KOMPAS.com - Ikatan Penerbit Indonesia (Ikapi) secara resmi membuka Indonesia International Book Fair (IIBF) 2019. Pameran buku berskala internasional yang berlangsung pada 4 sampai 8 September 2019 ini merupakan ajang ke-39 sejak diadakan pertama kali pada 1980.
Awalnya menggunakan nama Indonesia Book Fair, kemudian berubah menjadi Indonesia International Book Fair sejak 2014.
Selain pameran dan penjualan buku, ada berbagai kegiatan yang digelar, misalnya transaksi hak cipta, diskusi, lomba untuk anak-anak, serta interaksi antara para aktivis literasi seperti penerbit, penulis, pustakawan, seniman, budayawan, pelaku pendidikan, dan industri kreatif lainnya.
Ketua Umum Ikapi Rosidayati Rozalina mengatakan, pihaknya berupaya agar pameran buku ini memberi manfaat sebaga ajang promosi literasi dan penjualan buku melalui buku-buku baru, best seller, impor, dan buku murah yang dapat dinikmati oleh para pengunjung.
“Ikapi secara paripurna mempersiapkan budaya literasi masyarakat dengan menyelenggarakan pameran berskala internasional seperti ini,” ujar Rosidayati dalam pembukaan IIBF 2019 di Hall A Balai Sidang Jakarta Convention Center, Jakarta, Rabu (4/9/2019).

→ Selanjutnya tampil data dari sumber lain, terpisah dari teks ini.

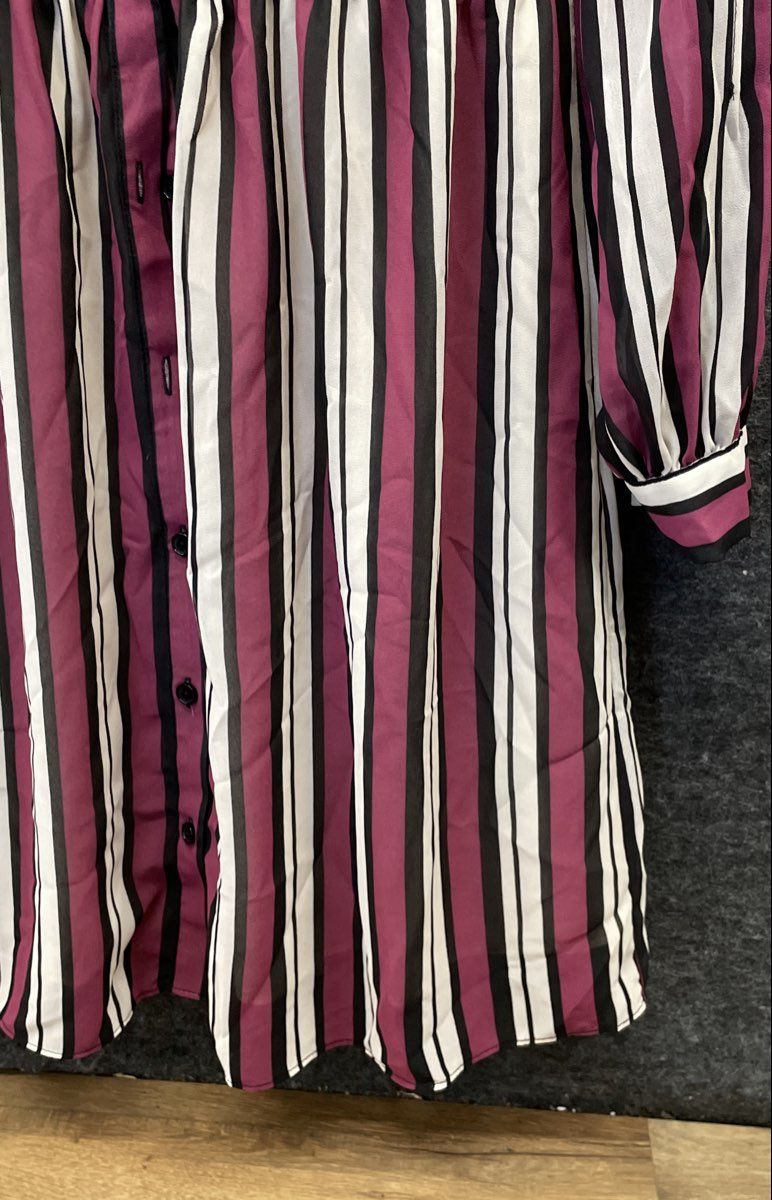 Michael Kors Women's Purple Striped Button Front Shirt Dress NWT Sz S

Dia mengungkapkan, salah satu bagian yang diandalkan kali ini yaitu penjualan buku murah di Zona Kalap. Ini merupakan area penjualan buku-buku dengan potongan harga antara 40 hingga 90 persen dari berbagai penerbit.
Baca juga: IIBF 2019 Digelar Dua Hari Lagi, Ada 2 Hal Baru Kali Ini, Apa Saja?
Kegiatan ini sebagai perwujudan dari Undang-Undang Nomor 3 Tahun 2017 tentang Sistem Perbukuan agar pameran buku tidak hanya menjadi ajang promosi literasi, tetapi juga penjualan buku yang dapat dinikmati oleh masyarakat, yaitu dengan menyediakan buku murah.
“Untuk mewujudkan amanat undang-undang tersebut, sejak tahun lalu dibuat area khusus dengan diskon buku besar-besaran yang disebut sebagai Zona Kalap,” imbuhnya.
Rosidayati pun menuturkan, IIBF 2019 juga diwarnai dengan program perdagangan hak cipta antara penulis dan penerbit dari berbagai negara, yakni Indonesia Partnership Program (IPP).
Untuk merealisasikannya, Ikapi bekerja sama dengan Badan Ekonomi Kreatif (Bekraf). Tujuannya untuk membuat Indonesia menjadi pusat pemasaran hak cipta terjemahan (copyright) di dunia.
IPP ini mendorong terjadinya transaksi antara penerbit Indonesia dan mancanegara. Dengan begitu, IIBF tidak hanya menjual buku dari penerbit kepada masyarakat, tetapi juga menjadi pusat transaksi hak cipta terjemahan dari penerbit lokal ke dunia internasional.
“Program itu diciptakan untuk meningkatkan transaksi hak cipta dengan memenuhi kebutuhan pelaku industri mancanegara,” ucapnya.
Selain itu, dalam rangkaian IIBF 2019, ada juga simposium yang telah digelar pada 3 September 2019 tentang pendidikan, pengaruh teknologi terhadap pendidikan saat ini, dan penggunaan hak cipta.
Simposium itu mendapat dukungan dari Kemendikbud dan Bekraf. Hadir sebagai pembicara antara lain dari Asosiasi Penerbit Internasional (International Publishers Association/IPA), Oxford University Press, akademisi Rhenald Khasali, dan mantan deputi World Intellectual Property Organization (WIPO) Chandra Darusman.